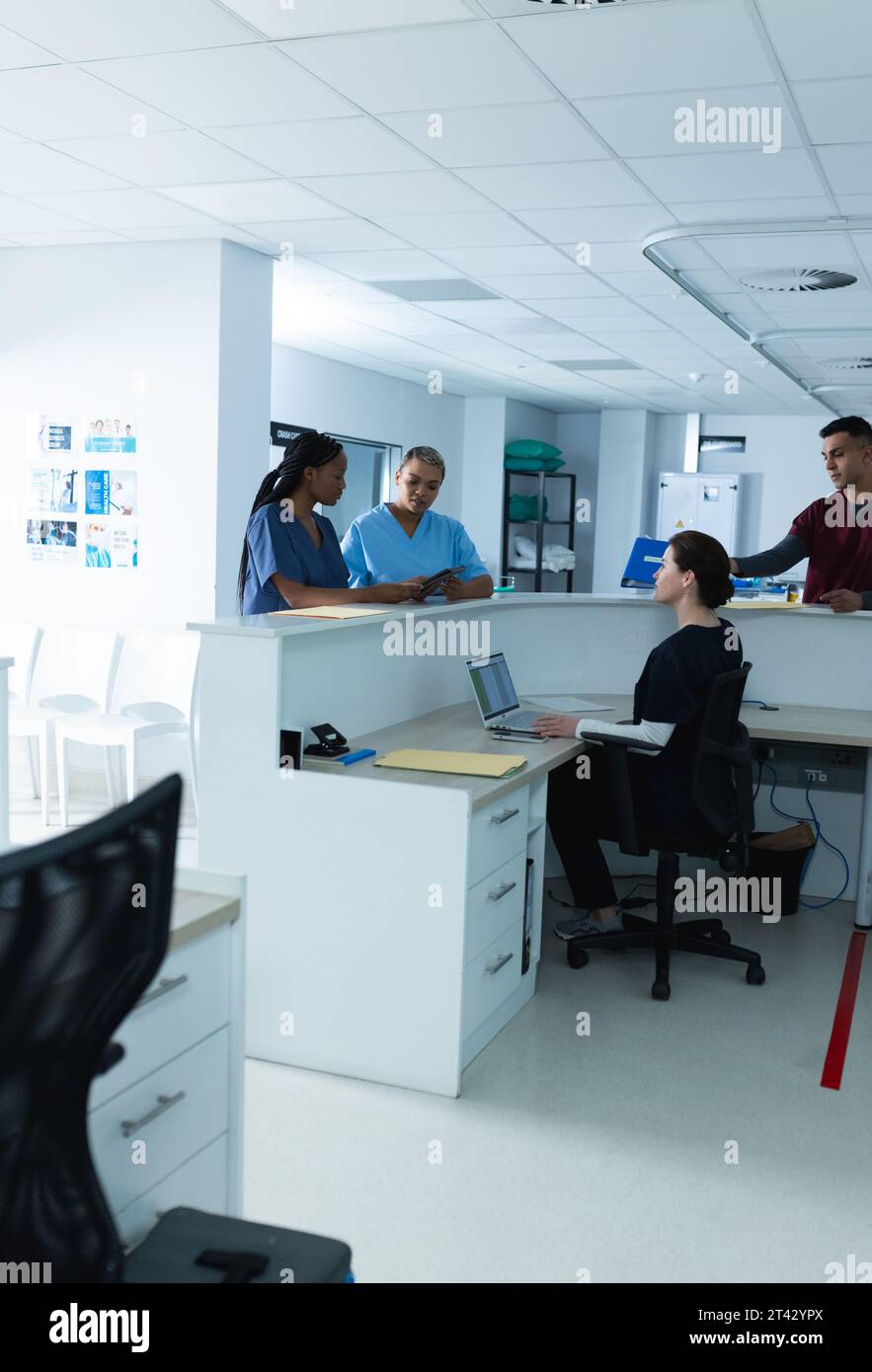 Diverse medici donne che discutono di lavoro, utilizzando tablet alla reception in ospedale Foto Stock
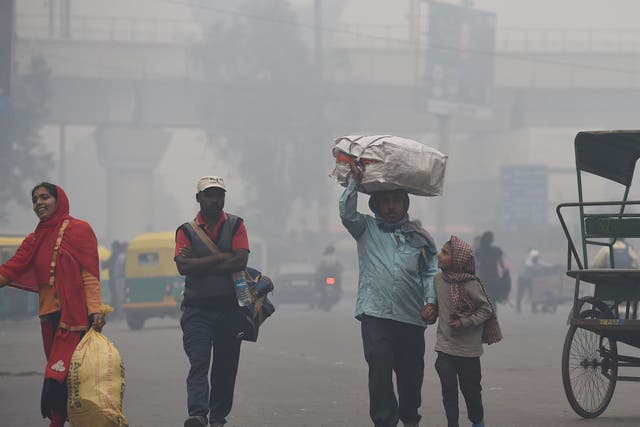 A man carries his belongings in heavy smog in Delhi on 5 November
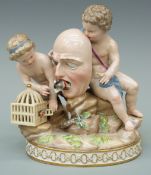 A Meissen figural group of two putti, allegorical of comedy,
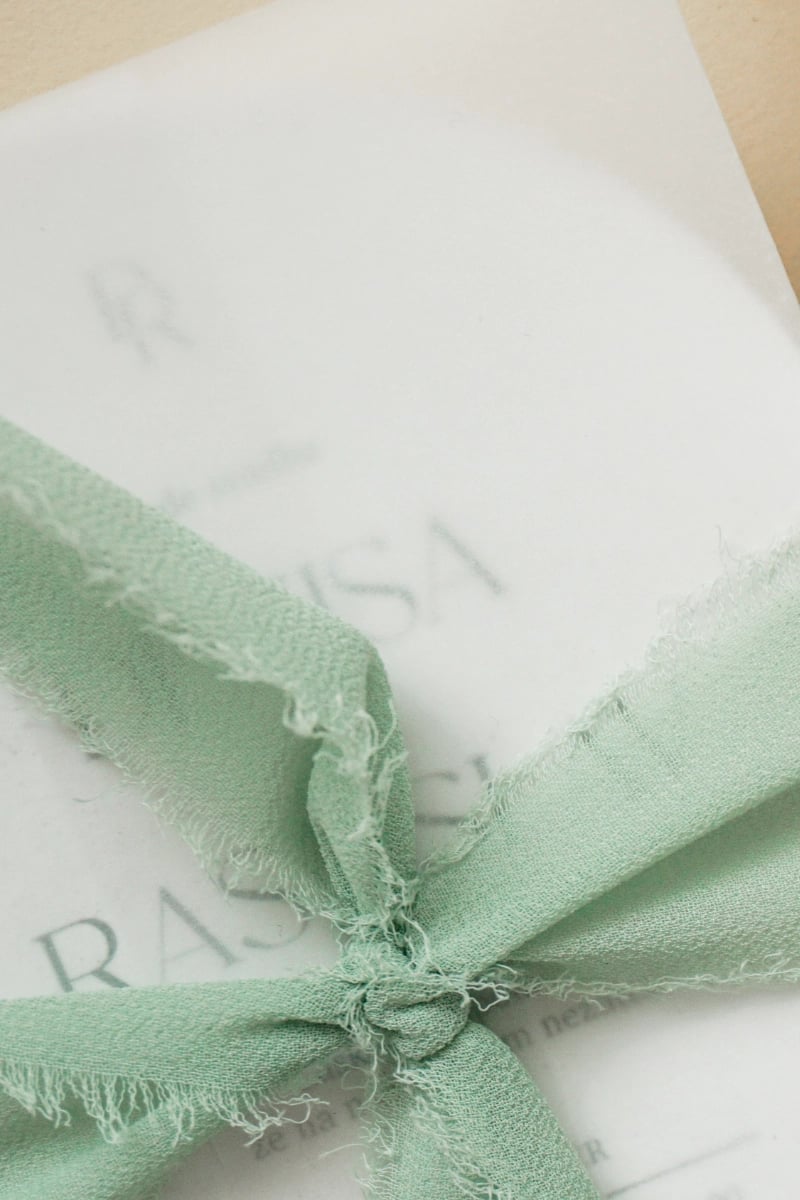 Svadobné oznámenie s jemnou zelenou mašľou a elegantným papierom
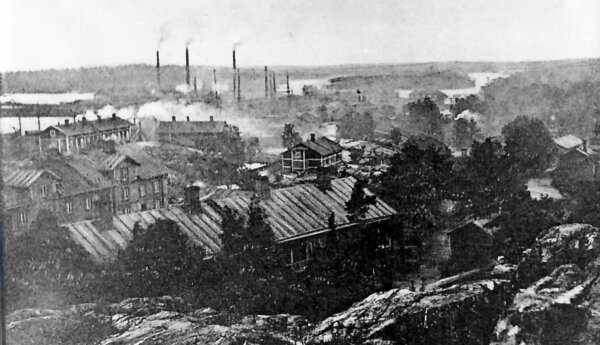svartvit bild över fabrikspipor och bostadshus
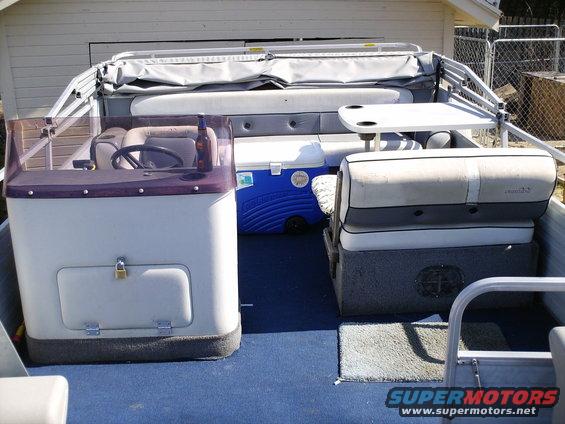 Boat interior with steering wheel, cooler, seats, and a table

YOUR TASK. From the line containing "Svadobné oznámenie s" through the last line of the material above, write out each line exactly, leaving aside all pictures.

RESPONSE TO THE TASK.
 Svadobné oznámenie s jemnou zelenou mašľou a elegantným papierom
svartvit bild över fabrikspipor och bostadshus
 Boat interior with steering wheel, cooler, seats, and a table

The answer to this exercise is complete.